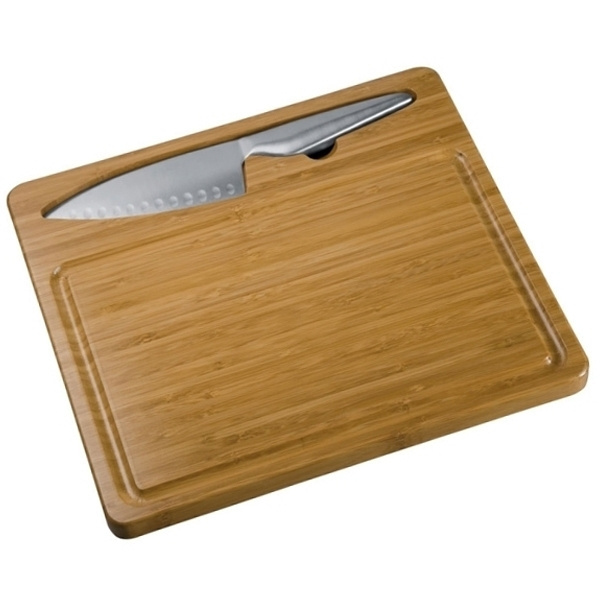 Logo trade promotional gift photo of: Cutting board with knife MANTOVA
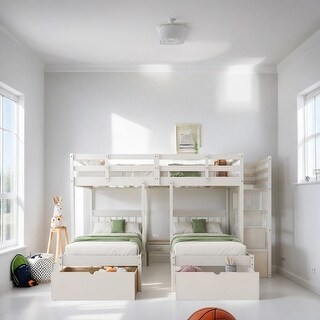 Full Over Twin & Twin Bunk Bed Kids Bed Wood Triple Bunk Bed with Drawers and Guardrails, White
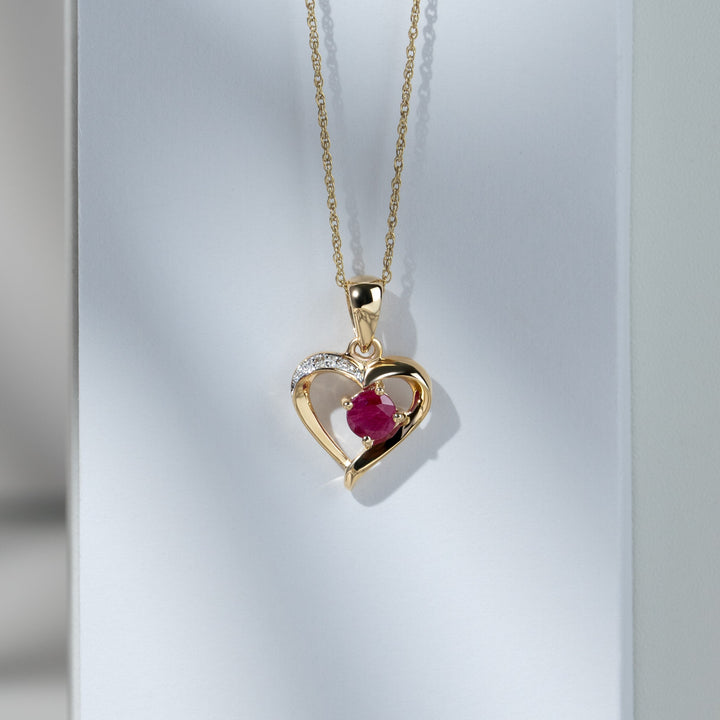 Classic Round Ruby & Diamond Heart Pendant in 9ct Yellow Gold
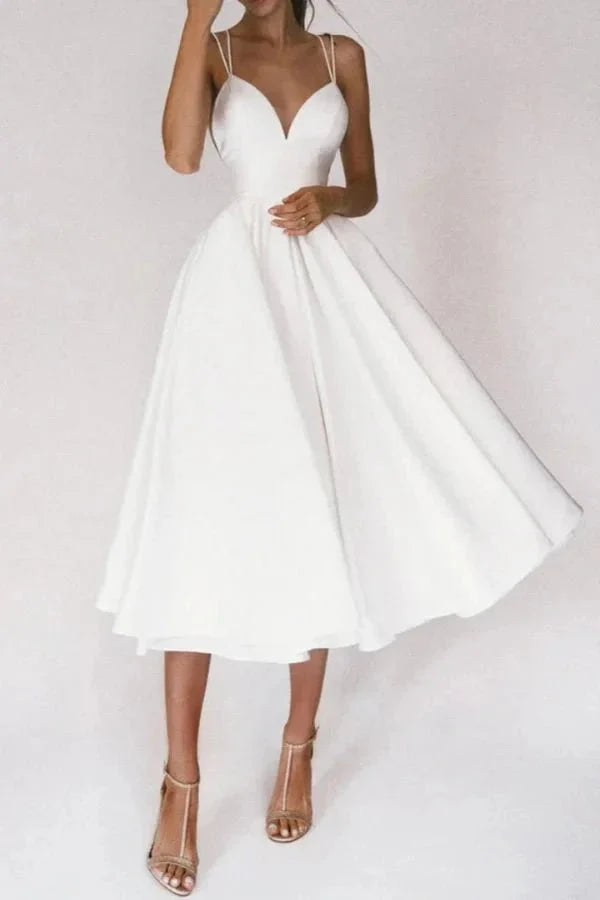 Women's Wedding Guest V Neck Midi Dress with A-Line Skirt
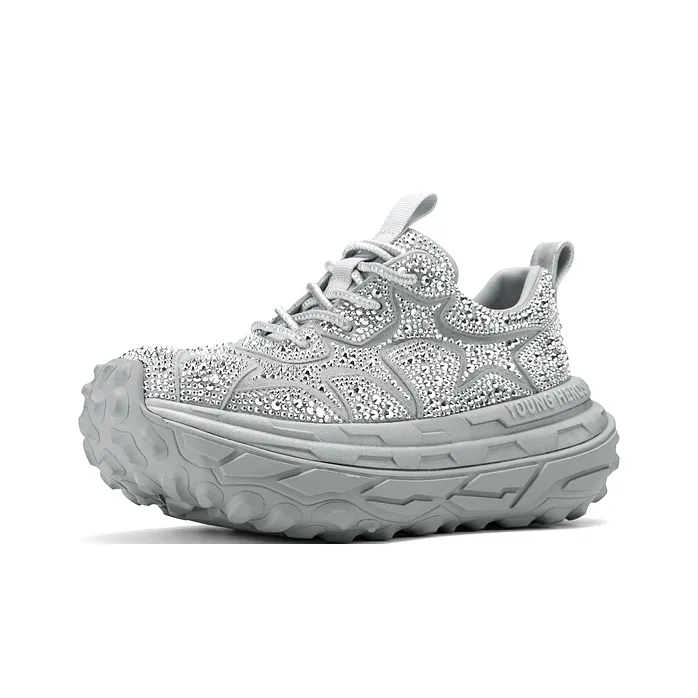 JOOC Slip Resistant Low Top Chunky Sneakers Women's Premium Gray-1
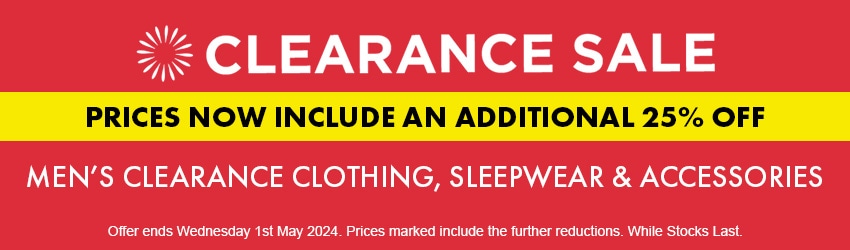 Men's Clearance Sale Take a Further 25% OFF 11 April - 1 May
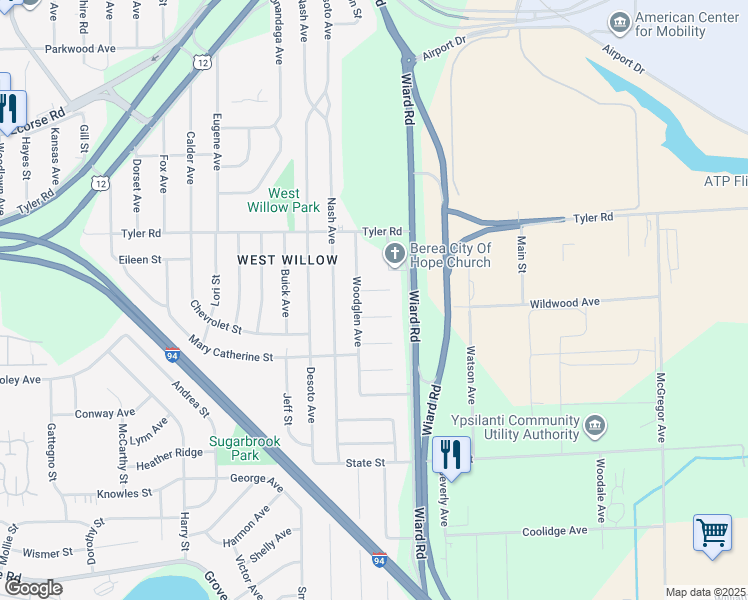 map of restaurants, bars, coffee shops, grocery stores, and more near 1151 Woodglen Avenue in Ypsilanti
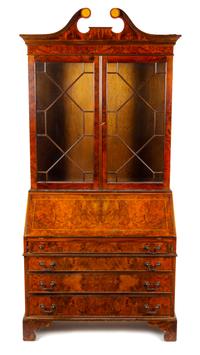 A Georgian Style Burl Walnut Secretary Bookcase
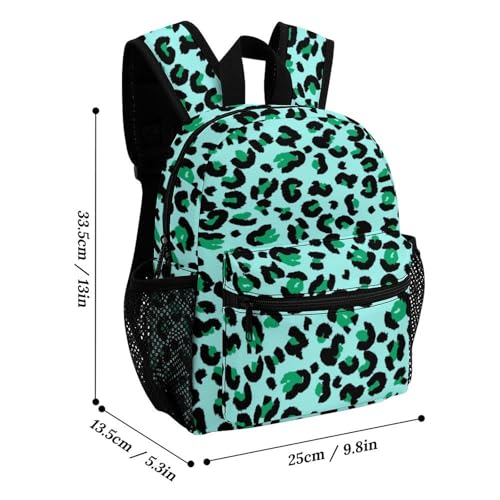 Green Leopard Skin Pattern 13 Inch Backpack Lightweight Double Shoulder Bag with Zippers Unisex Daypack2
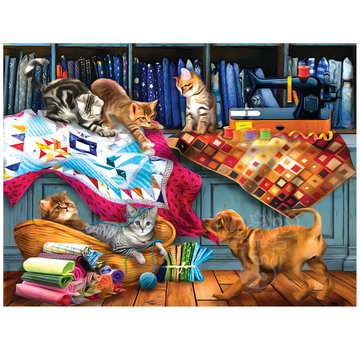 SunsOut FINAL SALE SunsOut Quilting Room Mischief Puzzle 1000pcs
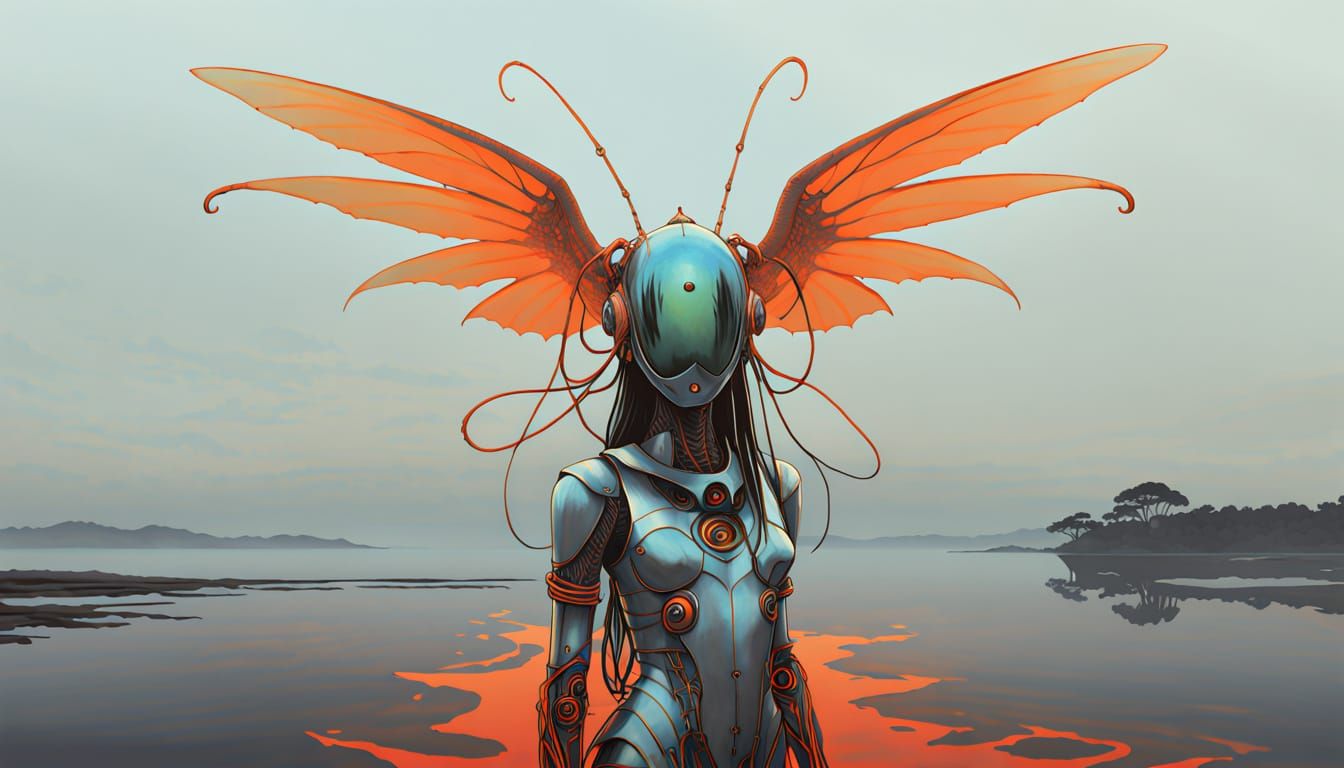Ethereal Orange Landscape with Winged Techno-Fantasy Being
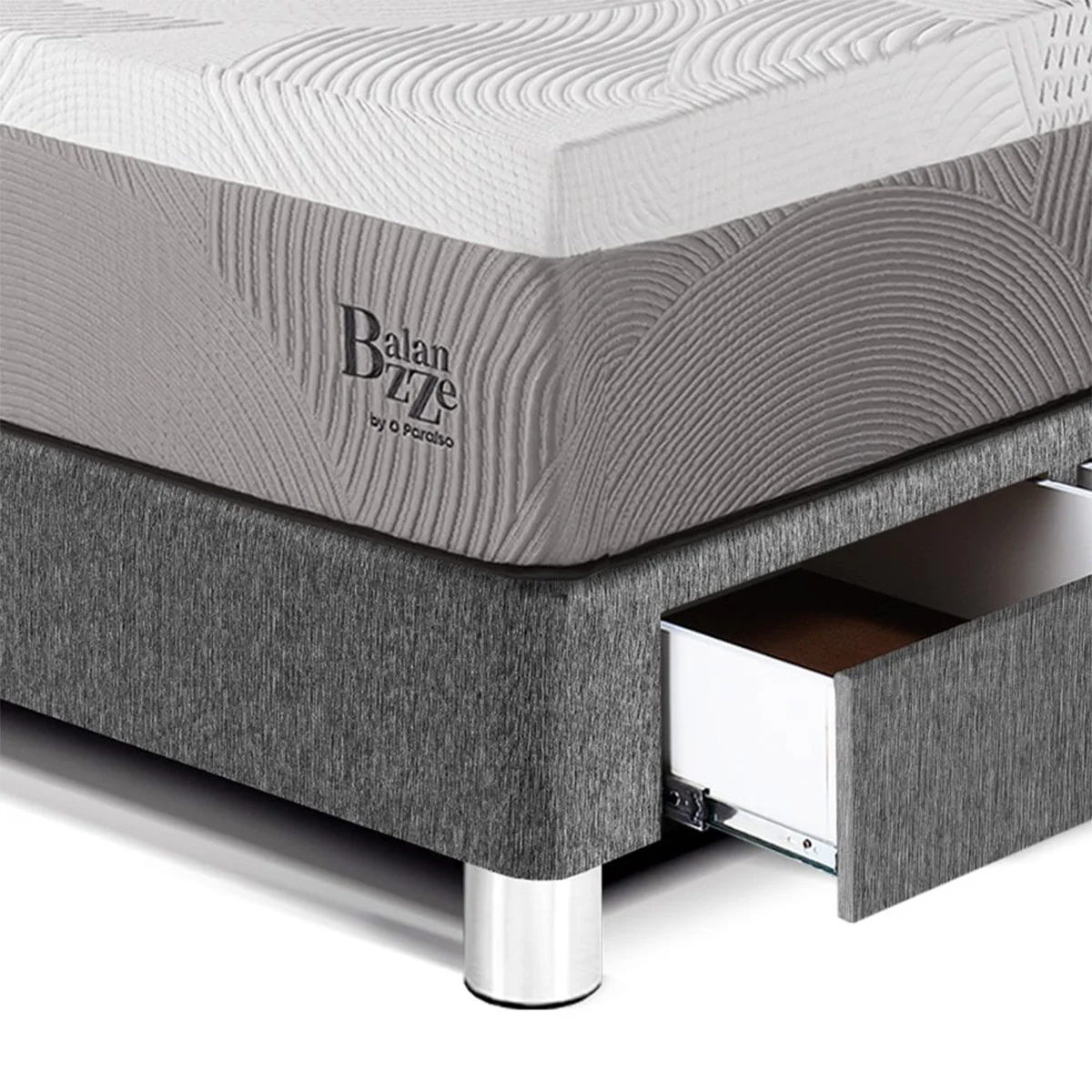 DORMITORIO CON CAJONES PARAÍSO BALANZZE 1.5 PLAZAS GRIS BIPANEL + 1 ALMOHADA VISCOELÁSTICA - 2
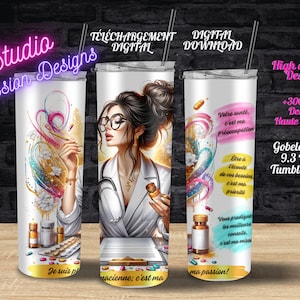 Magnifique pharmacienne - Passionnée - Mission - Messy bun - EN FRANÇAIS - PNG-Gobelet 20oz -Clipart- +300dpi -Digital Download -Pharmacist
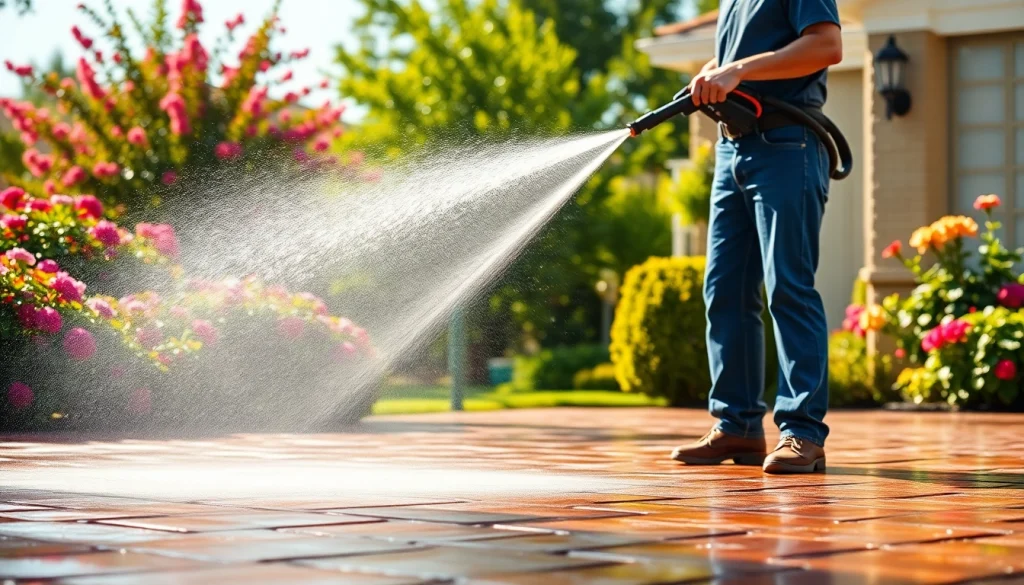 Pressure wash technician cleaning a driveway in Kissimmee, FL with eco-safe methods.
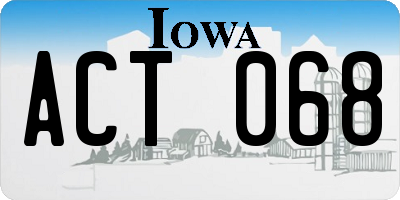 IA license plate ACT068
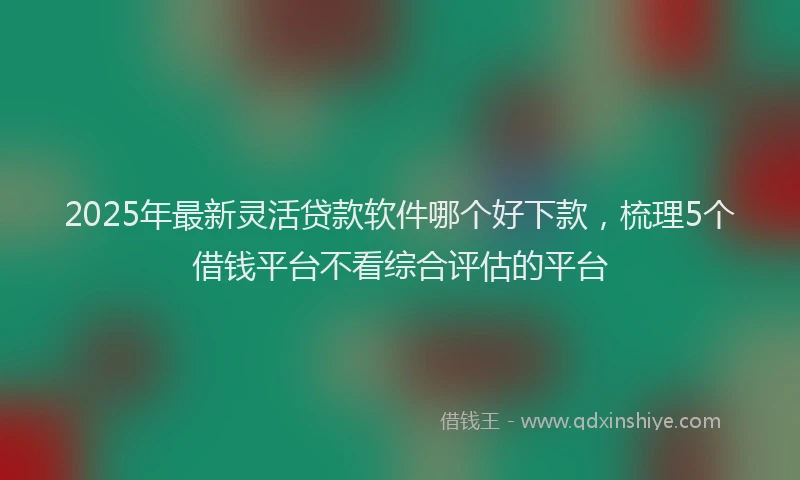 2025年最新灵活贷款软件哪个好下款，梳理5个借钱平台不看综合评估的平台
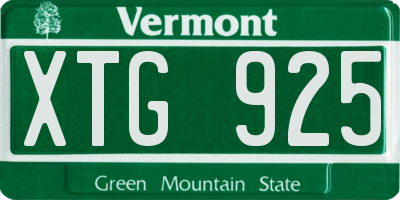 VT license plate XTG925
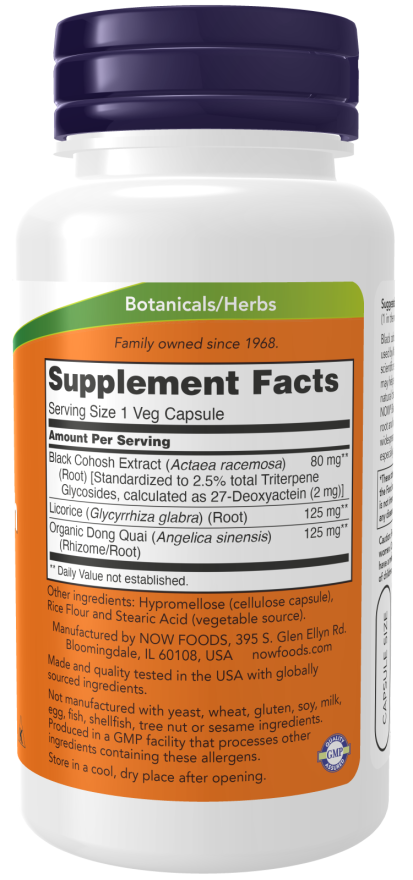 NOW Foods - Rădăcină de Cohosh Negru, 80mg - 90 capsule - Billede 2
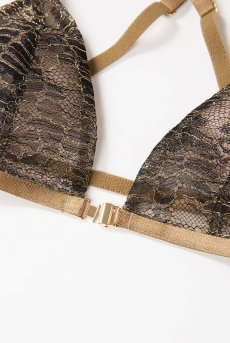 画像10: 在庫限り｜Lace Weekend Set Black High  | ノンワイヤーブラ＆ショーツセット・フロントホック・Tバック・ブラック・クロコダイル柄・ポーチ付き | maimia マイミア【サイズ交換NG・クーポン割引対象外】 日本製・高級ランジェリー   (10)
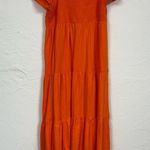 Daily Practice Orange Tiered Summer Dress Womens M Smocked Puff Shoulder Cottage Size M Photo 7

▬▬▬

▸ Task statement:
In the copy, include exactly the lines from the one with "IA license plate ACT068" through the final line of the entries above, both ends counted, and no pictures.

▸ Solution for this problem:
 IA license plate ACT068
 2025年最新灵活贷款软件哪个好下款，梳理5个借钱平台不看综合评估的平台
 VT license plate XTG925
 NOW Foods - Rădăcină de Cohosh Negru, 80mg - 90 capsule - Billede 2
 画像10: 在庫限り｜Lace Weekend Set Black High  | ノンワイヤーブラ＆ショーツセット・フロントホック・Tバック・ブラック・クロコダイル柄・ポーチ付き | maimia マイミア【サイズ交換NG・クーポン割引対象外】 日本製・高級ランジェリー   (10)
 Daily Practice Orange Tiered Summer Dress Womens M Smocked Puff Shoulder Cottage Size M Photo 7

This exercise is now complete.